Mission

Contexte & objectifs

Soupe cosmique extrêmement dense et chaude à ses premiers instants, l’Univers a gonflé, prenant peu à peu la forme d’une gigantesque toile cosmique constituée de filaments de matière entourant de grandes bulles de vide. Cette transformation fût largement orchestrée par la force de gravitation. Cette dernière, responsable de l’attraction universelle des corps, devrait normalement conduire à un ralentissement de l’expansion de l’Univers. Au contraire, cette expansion s’accélère ! Pour quelle(s) raison(s) ? A Euclid de le révéler ! —

L’accélération
de l’Univers

Un grand mystère
de la physique contemporaine

L’Univers présente aujourd’hui une structure immense parsemée de galaxies – îlots lumineux composés de milliers de milliards d’étoiles – regroupées en amas ou en superamas le long de filaments, rubans, murs constituant l’Univers à grande échelle. Si le comportement des étoiles et des planètes est le fruit de phénomènes physiques complexes variés, la structuration de l’Univers à grande échelle résulte en grande partie des seules forces de gravitation formulées théoriquement par la Relativité Générale. Toute forme de matière ou d’énergie connues jusqu’ici exercent une force attractive amenant à penser que la vitesse d’expansion de l’Univers devrait diminuer au cours du temps. Les observations s’obstinent pourtant à dire le contraire, en particulier celles des équipes de S. Perlmutter et d’A. Riess en 1998 qui, en mesurant les luminosités de supernovæ distantes de type 1a, ont montré sans ambiguïté que l’expansion de l’Univers était en accélération.
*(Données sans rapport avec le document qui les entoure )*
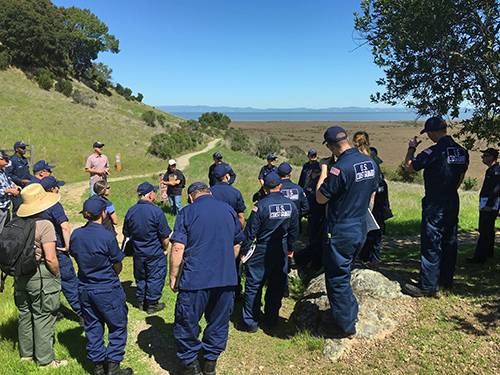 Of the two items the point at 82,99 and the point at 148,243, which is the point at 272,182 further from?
the point at 82,99

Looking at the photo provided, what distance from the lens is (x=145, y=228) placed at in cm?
519

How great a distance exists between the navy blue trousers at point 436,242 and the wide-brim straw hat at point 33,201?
4512mm

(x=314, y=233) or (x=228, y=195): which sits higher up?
(x=228, y=195)

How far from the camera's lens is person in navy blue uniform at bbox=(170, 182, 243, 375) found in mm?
3734

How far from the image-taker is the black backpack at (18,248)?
349cm

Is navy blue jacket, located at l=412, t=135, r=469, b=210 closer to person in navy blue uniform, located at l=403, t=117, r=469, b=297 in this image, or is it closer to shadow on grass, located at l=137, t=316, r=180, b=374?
person in navy blue uniform, located at l=403, t=117, r=469, b=297

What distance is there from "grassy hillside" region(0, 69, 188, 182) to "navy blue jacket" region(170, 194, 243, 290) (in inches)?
667

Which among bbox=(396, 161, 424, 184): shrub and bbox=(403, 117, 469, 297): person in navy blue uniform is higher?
bbox=(403, 117, 469, 297): person in navy blue uniform

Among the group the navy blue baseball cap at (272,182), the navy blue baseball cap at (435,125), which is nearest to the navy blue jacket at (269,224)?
the navy blue baseball cap at (272,182)

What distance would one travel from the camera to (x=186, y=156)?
90.0ft

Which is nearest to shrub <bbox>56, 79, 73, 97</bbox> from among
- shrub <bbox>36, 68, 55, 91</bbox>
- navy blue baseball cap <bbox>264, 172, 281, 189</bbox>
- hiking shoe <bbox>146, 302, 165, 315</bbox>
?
shrub <bbox>36, 68, 55, 91</bbox>

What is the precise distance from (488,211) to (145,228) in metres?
5.94

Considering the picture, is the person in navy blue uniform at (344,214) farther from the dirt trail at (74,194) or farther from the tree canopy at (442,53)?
the dirt trail at (74,194)

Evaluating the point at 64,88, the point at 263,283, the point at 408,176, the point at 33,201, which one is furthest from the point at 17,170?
the point at 64,88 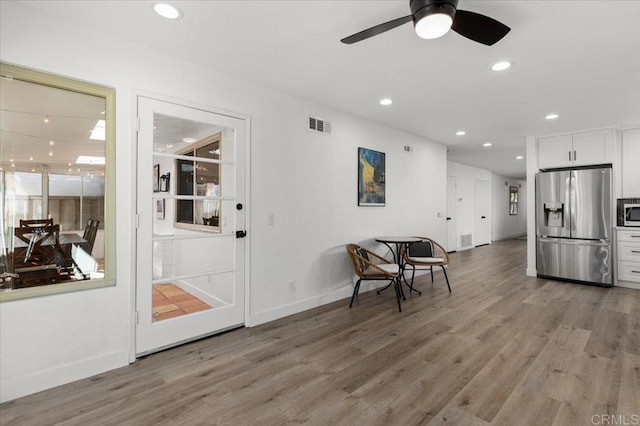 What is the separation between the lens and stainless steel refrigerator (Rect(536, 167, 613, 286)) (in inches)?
194

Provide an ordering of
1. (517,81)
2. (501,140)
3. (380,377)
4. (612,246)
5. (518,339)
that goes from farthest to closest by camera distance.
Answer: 1. (501,140)
2. (612,246)
3. (517,81)
4. (518,339)
5. (380,377)

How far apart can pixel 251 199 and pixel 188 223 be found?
68 centimetres

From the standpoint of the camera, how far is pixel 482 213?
10.3 m

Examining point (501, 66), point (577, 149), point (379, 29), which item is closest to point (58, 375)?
point (379, 29)

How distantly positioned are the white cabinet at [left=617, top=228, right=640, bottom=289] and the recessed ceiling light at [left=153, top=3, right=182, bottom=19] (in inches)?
259

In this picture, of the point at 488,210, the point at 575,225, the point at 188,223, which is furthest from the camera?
the point at 488,210

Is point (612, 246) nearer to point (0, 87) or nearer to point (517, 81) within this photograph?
point (517, 81)

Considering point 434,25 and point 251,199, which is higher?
point 434,25

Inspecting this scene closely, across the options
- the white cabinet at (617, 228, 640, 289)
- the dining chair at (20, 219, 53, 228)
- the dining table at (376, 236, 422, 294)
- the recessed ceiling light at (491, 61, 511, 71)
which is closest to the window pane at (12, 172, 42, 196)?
the dining chair at (20, 219, 53, 228)

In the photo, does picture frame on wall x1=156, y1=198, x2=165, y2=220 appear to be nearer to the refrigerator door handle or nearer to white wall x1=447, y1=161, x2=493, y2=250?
the refrigerator door handle

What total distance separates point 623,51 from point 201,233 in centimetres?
408

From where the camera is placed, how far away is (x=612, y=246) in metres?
4.94

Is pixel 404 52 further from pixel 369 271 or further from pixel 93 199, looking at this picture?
pixel 93 199

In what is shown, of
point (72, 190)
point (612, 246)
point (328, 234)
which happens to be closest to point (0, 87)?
point (72, 190) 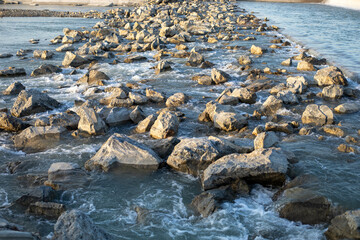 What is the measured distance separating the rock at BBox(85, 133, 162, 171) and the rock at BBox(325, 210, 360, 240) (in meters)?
4.60

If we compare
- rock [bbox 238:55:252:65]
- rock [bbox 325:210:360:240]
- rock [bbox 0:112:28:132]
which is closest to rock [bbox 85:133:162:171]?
rock [bbox 0:112:28:132]

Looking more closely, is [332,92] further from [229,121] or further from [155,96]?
[155,96]

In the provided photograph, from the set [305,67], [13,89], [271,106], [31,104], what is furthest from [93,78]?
[305,67]

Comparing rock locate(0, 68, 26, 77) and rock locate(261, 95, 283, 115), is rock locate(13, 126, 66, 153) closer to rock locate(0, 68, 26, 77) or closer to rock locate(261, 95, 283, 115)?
rock locate(261, 95, 283, 115)

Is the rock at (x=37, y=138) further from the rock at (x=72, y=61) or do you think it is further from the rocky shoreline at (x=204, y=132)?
the rock at (x=72, y=61)

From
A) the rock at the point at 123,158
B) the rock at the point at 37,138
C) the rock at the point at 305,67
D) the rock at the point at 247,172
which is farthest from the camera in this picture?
the rock at the point at 305,67

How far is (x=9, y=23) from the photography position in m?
44.4

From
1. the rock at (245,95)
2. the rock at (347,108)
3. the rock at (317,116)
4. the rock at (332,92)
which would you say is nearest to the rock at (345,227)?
the rock at (317,116)

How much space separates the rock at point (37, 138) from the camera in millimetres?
Answer: 11102

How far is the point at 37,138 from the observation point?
11.5 meters

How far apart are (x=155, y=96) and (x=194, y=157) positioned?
20.9 feet

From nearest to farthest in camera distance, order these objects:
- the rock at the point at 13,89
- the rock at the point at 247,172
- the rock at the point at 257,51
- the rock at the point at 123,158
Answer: the rock at the point at 247,172 → the rock at the point at 123,158 → the rock at the point at 13,89 → the rock at the point at 257,51

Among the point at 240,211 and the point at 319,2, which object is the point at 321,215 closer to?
the point at 240,211

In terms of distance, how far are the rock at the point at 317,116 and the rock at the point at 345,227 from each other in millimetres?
5759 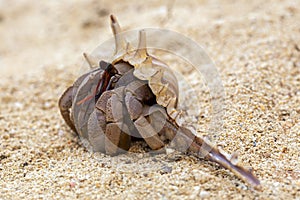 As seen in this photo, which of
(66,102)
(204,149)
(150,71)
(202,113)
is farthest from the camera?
(202,113)

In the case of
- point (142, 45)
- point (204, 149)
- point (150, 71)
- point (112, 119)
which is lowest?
point (204, 149)

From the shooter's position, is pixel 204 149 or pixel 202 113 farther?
pixel 202 113

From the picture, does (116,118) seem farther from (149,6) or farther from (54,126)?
(149,6)

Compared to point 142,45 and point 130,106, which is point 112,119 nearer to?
point 130,106

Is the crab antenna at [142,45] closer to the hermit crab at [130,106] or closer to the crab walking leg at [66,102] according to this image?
the hermit crab at [130,106]

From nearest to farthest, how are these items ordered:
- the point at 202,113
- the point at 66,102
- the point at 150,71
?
the point at 150,71, the point at 66,102, the point at 202,113

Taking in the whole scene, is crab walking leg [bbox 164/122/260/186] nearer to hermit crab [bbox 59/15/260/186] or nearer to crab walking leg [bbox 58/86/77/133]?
hermit crab [bbox 59/15/260/186]


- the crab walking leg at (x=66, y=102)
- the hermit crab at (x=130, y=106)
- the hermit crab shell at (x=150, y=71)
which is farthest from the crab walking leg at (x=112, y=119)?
the crab walking leg at (x=66, y=102)

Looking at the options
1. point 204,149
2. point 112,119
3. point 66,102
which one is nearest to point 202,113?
point 204,149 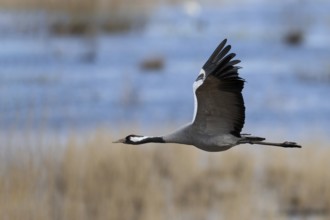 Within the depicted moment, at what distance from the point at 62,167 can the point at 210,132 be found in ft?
18.7

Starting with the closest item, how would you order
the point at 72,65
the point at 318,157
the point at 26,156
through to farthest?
the point at 26,156 < the point at 318,157 < the point at 72,65

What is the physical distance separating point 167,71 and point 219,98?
1482cm

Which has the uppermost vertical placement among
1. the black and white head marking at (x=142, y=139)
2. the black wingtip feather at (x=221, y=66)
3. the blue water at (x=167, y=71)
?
the blue water at (x=167, y=71)

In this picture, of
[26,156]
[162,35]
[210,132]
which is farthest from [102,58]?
[210,132]

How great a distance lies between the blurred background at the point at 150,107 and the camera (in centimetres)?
804

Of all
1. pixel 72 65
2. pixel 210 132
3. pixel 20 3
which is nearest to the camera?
pixel 210 132

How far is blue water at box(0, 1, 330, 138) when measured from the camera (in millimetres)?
13438

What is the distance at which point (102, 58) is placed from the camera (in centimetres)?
1972

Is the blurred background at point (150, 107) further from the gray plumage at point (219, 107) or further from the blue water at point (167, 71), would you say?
the gray plumage at point (219, 107)

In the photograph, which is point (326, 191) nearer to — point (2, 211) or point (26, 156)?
point (26, 156)

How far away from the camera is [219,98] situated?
10.3 feet

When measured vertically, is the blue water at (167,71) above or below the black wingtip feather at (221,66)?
above

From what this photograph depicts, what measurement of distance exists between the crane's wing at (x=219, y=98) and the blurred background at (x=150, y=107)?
3.65 meters

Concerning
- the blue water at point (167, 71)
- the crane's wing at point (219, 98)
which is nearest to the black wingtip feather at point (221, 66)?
the crane's wing at point (219, 98) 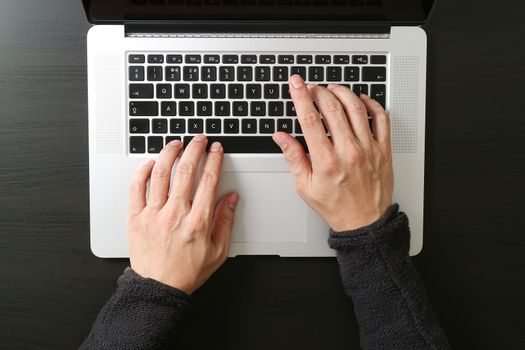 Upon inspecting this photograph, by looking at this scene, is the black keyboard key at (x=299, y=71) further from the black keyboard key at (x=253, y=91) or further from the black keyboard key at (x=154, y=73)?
the black keyboard key at (x=154, y=73)

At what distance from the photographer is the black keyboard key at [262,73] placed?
66cm

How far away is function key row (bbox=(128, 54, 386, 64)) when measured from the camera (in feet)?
2.17

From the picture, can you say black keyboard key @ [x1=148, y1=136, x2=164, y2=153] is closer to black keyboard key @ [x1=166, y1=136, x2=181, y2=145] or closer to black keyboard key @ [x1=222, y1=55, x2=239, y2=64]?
black keyboard key @ [x1=166, y1=136, x2=181, y2=145]

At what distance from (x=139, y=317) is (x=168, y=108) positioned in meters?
0.31

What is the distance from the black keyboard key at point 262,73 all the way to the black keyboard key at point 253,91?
1cm

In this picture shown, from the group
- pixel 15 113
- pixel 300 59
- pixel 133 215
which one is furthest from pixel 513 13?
pixel 15 113

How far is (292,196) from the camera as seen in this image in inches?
26.4

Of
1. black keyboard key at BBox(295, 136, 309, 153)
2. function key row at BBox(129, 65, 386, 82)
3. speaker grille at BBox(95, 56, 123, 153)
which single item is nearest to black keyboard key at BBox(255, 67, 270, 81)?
function key row at BBox(129, 65, 386, 82)

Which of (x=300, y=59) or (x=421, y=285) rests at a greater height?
(x=300, y=59)

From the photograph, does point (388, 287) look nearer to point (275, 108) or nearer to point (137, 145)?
point (275, 108)

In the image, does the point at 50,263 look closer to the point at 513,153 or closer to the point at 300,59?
the point at 300,59

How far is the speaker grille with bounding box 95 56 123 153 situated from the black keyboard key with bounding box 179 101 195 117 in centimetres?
9

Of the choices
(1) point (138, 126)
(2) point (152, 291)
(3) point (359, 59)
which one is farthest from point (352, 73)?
(2) point (152, 291)

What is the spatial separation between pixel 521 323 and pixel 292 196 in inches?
17.4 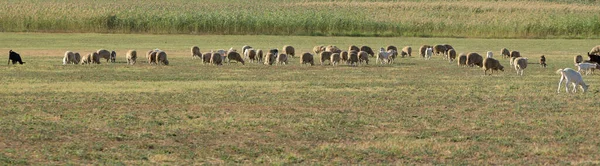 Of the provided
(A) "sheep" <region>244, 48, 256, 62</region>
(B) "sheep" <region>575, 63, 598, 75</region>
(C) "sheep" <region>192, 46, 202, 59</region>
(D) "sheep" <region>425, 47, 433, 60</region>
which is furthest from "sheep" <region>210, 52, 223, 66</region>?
(B) "sheep" <region>575, 63, 598, 75</region>

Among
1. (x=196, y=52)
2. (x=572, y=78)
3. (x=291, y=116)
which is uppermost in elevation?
(x=196, y=52)

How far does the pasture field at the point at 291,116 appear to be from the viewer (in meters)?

Aucune particule ou force connues ne permet de rendre compte d’un tel phénomène. Certes, il est possible d’invoquer une constante cosmologique mais d’autres solutions sont également recherchées. L’une d’elle est de faire appel à un nouvel état de la matière – l’énergie noire – qui serait la source de cette expansion accélérée. D’autres pistes explorent la possibilité que la théorie de la gravitation soit incomplète ou encore que l’Univers possède des dimensions supplémentaires dont les effets se sentiraient à très grande échelle. Ces hypothèses ne se distinguent pourtant que dans des détails observationnels très fins, dans la manière dont la structuration de l’Univers évolue sur des âges cosmologiques. Entreprendre un relevé de grande précision de la structuration de l’Univers à grande échelle et de son évolution relève d’un enjeu majeur de physique théorique.

Révéler
l’invisible

L’objectif ambitieux
d’Euclid 

 

Euclid est un satellite spécialement conçu pour répondre à cette question et plus généralement pour sonder les lois de la gravitation aux échelles cosmologiques. Par le biais de ses deux instruments, il va ainsi cartographier les grandes structures de l’Univers avec une précision jusqu’alors inégalée. Pour ce faire, deux méthodes ont été retenues : le lentillage gravitationnel faible et la cartographie des galaxies qui permettent respectivement de reconstruire les concentrations de matière sur les lignes de visée et de mesurer l’évolution cosmologique de l’empreinte des oscillations baryoniques acoustiques.

Le lentillage faible est obtenu par la mesure de la déformation apparente des galaxies qu’elles subissent lorsque la lumière qu’elles émettent traverse des concentrations inhomogènes de matière. Effectuer ces mesures nécessite d’avoir une imagerie de haute résolution et de grande stabilité, des contraintes qui ont été prises en compte dès la conception de l’imageur visible VIS. Les oscillations baryoniques acoustiques sont des effets ténus présents dès les premiers instants de l’Univers et dont la trace persiste dans la toile cosmique actuelle. Ces effets ne peuvent être détectés que si l’on dispose non seulement de la position sur le ciel mais aussi de la distance d’un grand nombre de galaxies. C’est la raison pour laquelle Euclid est équipé d’un spectrographe infrarouge ainsi que de filtres nécessaires pour faire de la photométrie multi-couleurs intégrés à l’instrument NISP.

Avec ses deux instruments, l’amplitude, la qualité et la précision de son programme d’observation, Euclid sera ainsi en mesure de lever le voile sur l’Univers invisible, voire de poser les premiers jalons d’une révolution de la physique moderne. Qui plus est, avec les observations d’une qualité sans précédente qu’ils produiront, les relevés Euclid promettent une moisson de résultats nouveaux dans de nombreux champs de l’astrophysique, de l’étude des petits corps du système solaire, des phénomènes transitoires au sein de notre Galaxie, à l’évolution spectrale et morphologique des premières galaxies.